PROMPT>
Starting with the line that contains "Polymer Lithium Ion", repeat each line exactly through the final line of the listing. No picture should appear in the copy.
[GIVEN DATA Boundary: Start]
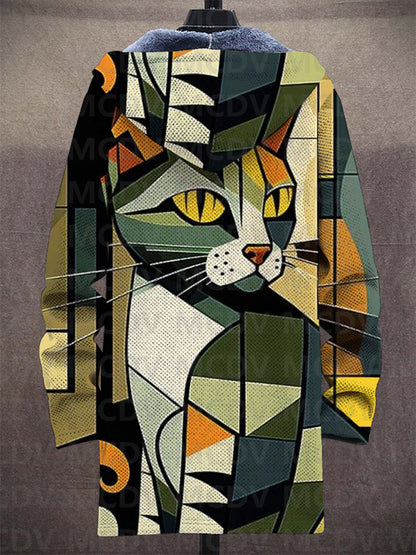 Lowanna | Luxuriöser, kunstinspirierten Cardigan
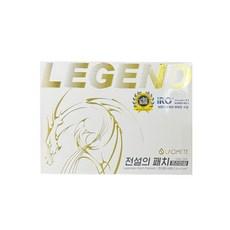 라오메뜨 전설의 패치 프리미엄 준대형 40매, 40매입, 1개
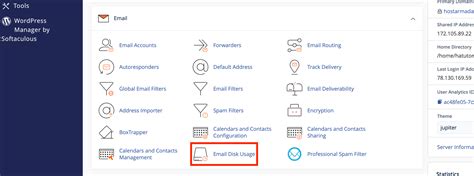 Managing Email Disk Usage in cPanel | HostArmada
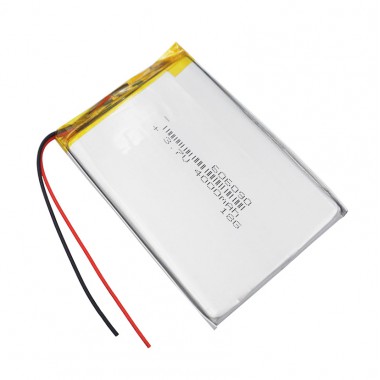 Polymer Lithium Ion 3.7V 4000mAh 1-Cell Li-ion Rechargeable Battery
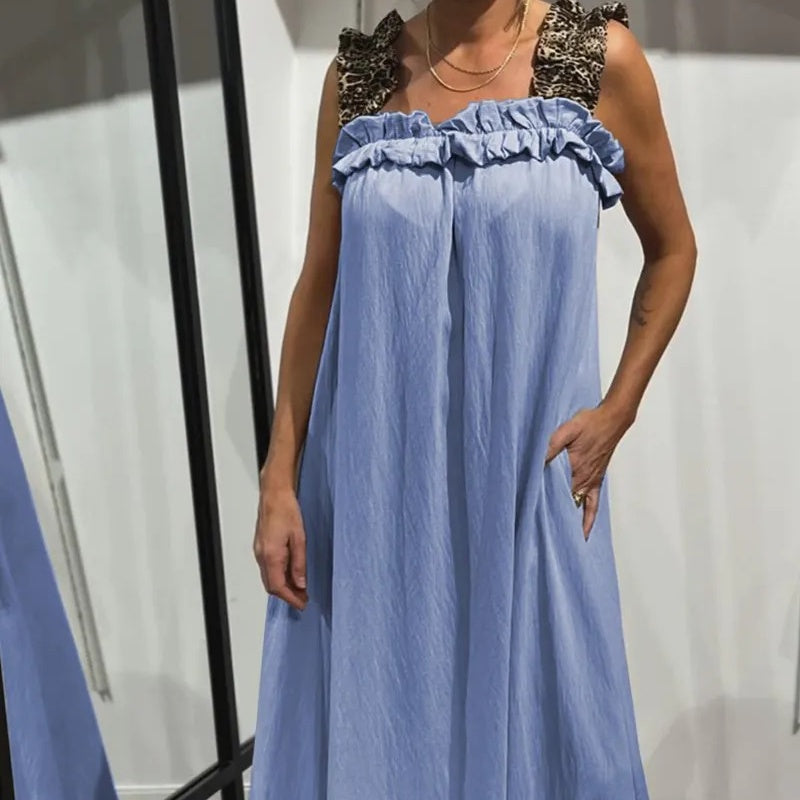 Tabing | Lässiges ärmelloses Kleid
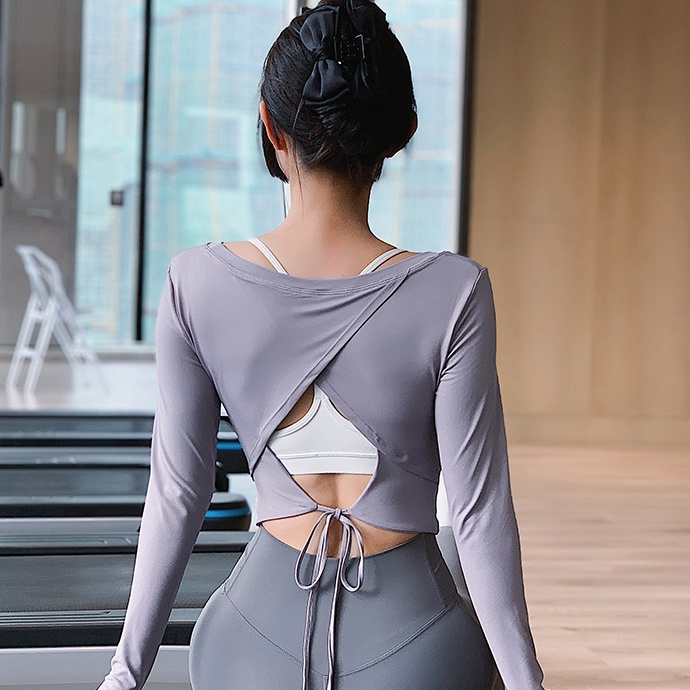 BEAUTYTREND Áo Thun Thể Thao Dài Tay Thoáng Khí Chất Lượng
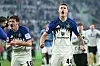 HSV-Profi Luka Vuskovic jubelt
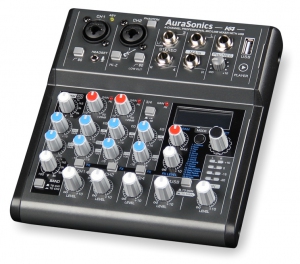 AuraSonics K4 компактный микшерный пульт в Спасске-Дальнем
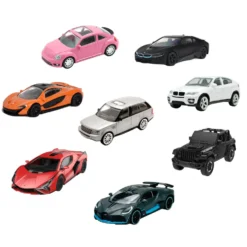 Die Cast 1:43 - Flere varianter (1 stk)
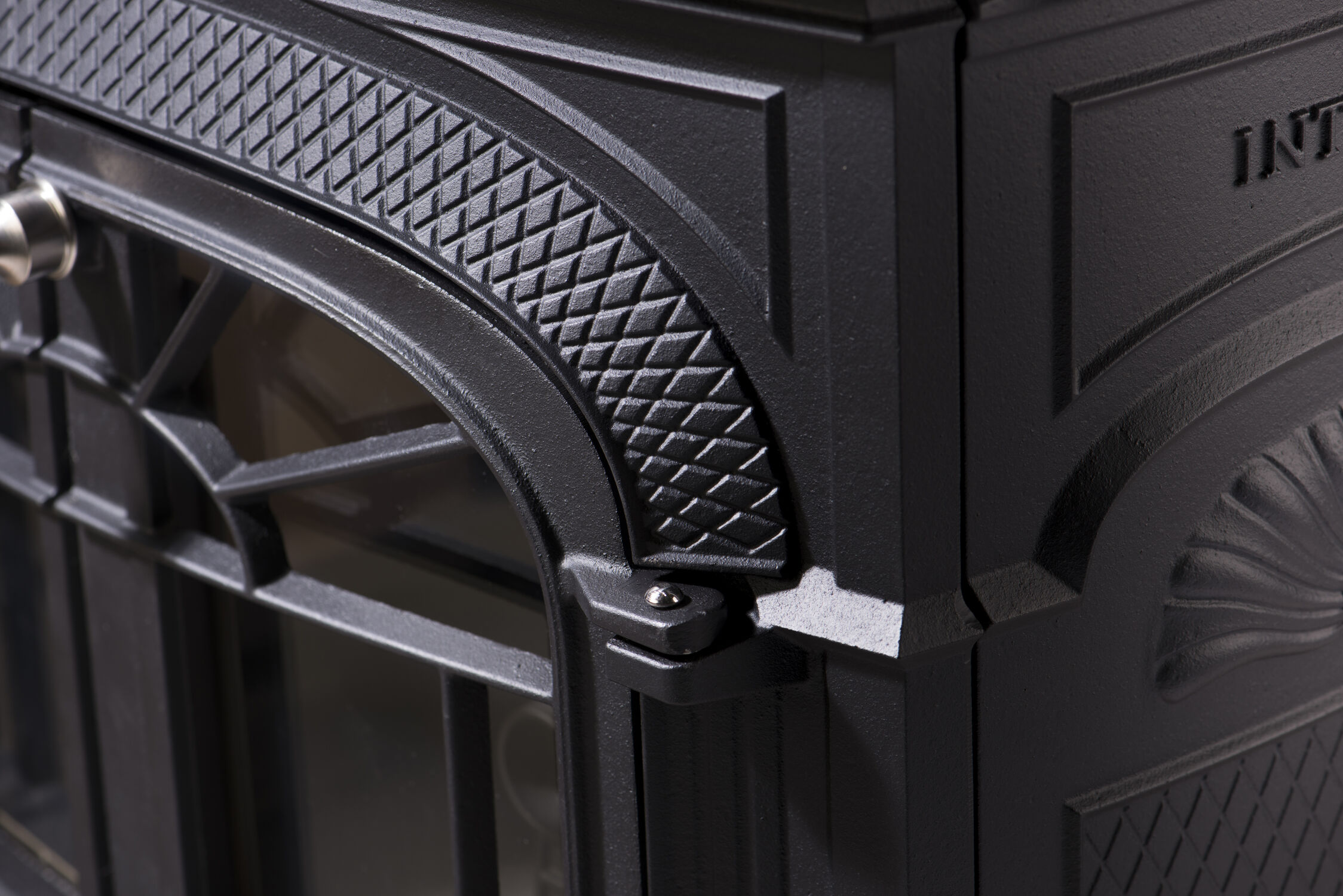 Vermont Castings Intrepid FlexBurn Wood-Burning Stove In Twilight Enamel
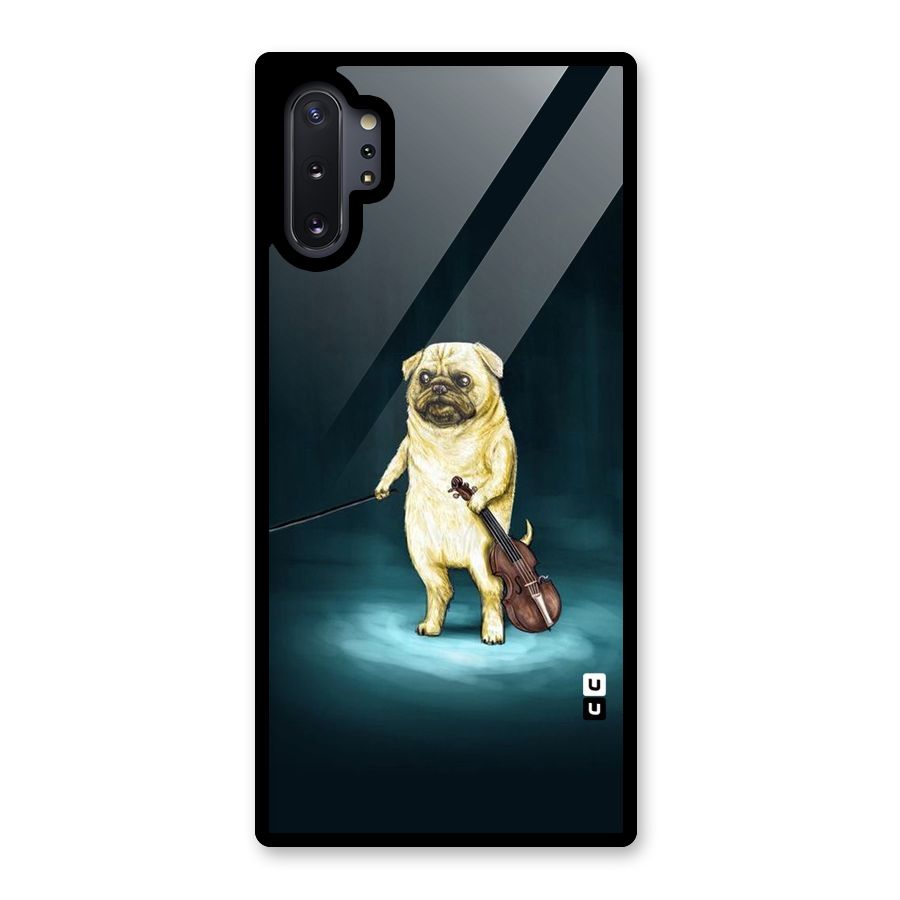 Violin Master Glass Back Case for Galaxy Note 10 Plus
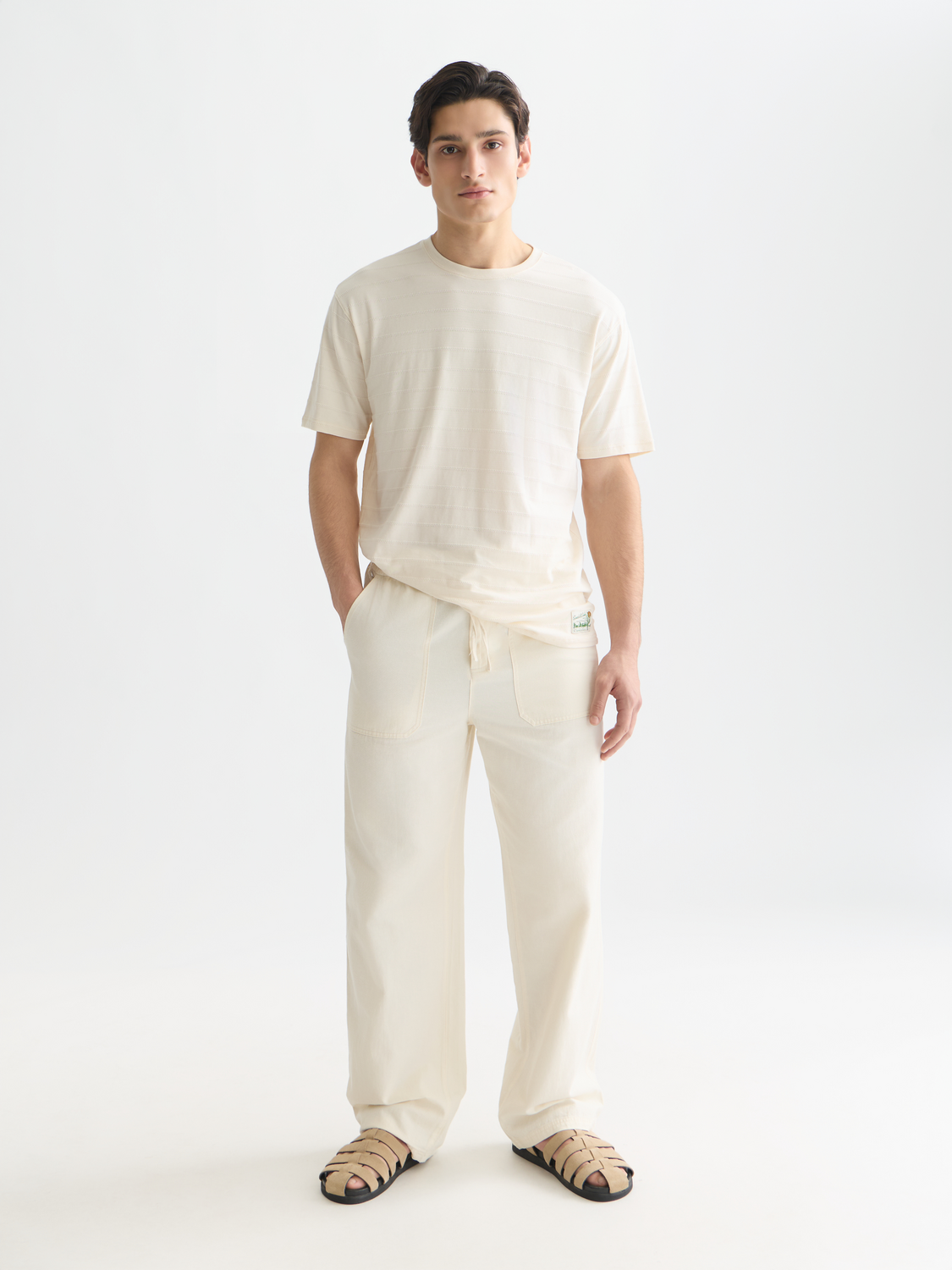 Jacquard t-shirt - Scotch & Soda AU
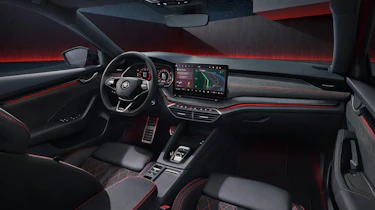 Skoda Octavia vRS – interior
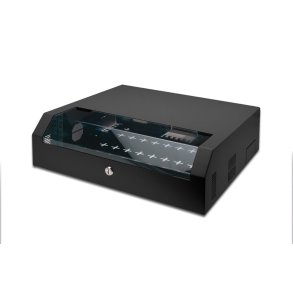 Digitus DN-19 04U-PB-B stativ 3U V�gmonteret stativ Sort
[GIVEN DATA Boundary: End]
RESPONSE TO THE TASK>
 Polymer Lithium Ion 3.7V 4000mAh 1-Cell Li-ion Rechargeable Battery
 Tabing | Lässiges ärmelloses Kleid
 BEAUTYTREND Áo Thun Thể Thao Dài Tay Thoáng Khí Chất Lượng
 HSV-Profi Luka Vuskovic jubelt
 AuraSonics K4 компактный микшерный пульт в Спасске-Дальнем
 Die Cast 1:43 - Flere varianter (1 stk)
 Vermont Castings Intrepid FlexBurn Wood-Burning Stove In Twilight Enamel
 Violin Master Glass Back Case for Galaxy Note 10 Plus
 Jacquard t-shirt - Scotch & Soda AU
 Skoda Octavia vRS – interior
 Digitus DN-19 04U-PB-B stativ 3U V�gmonteret stativ Sort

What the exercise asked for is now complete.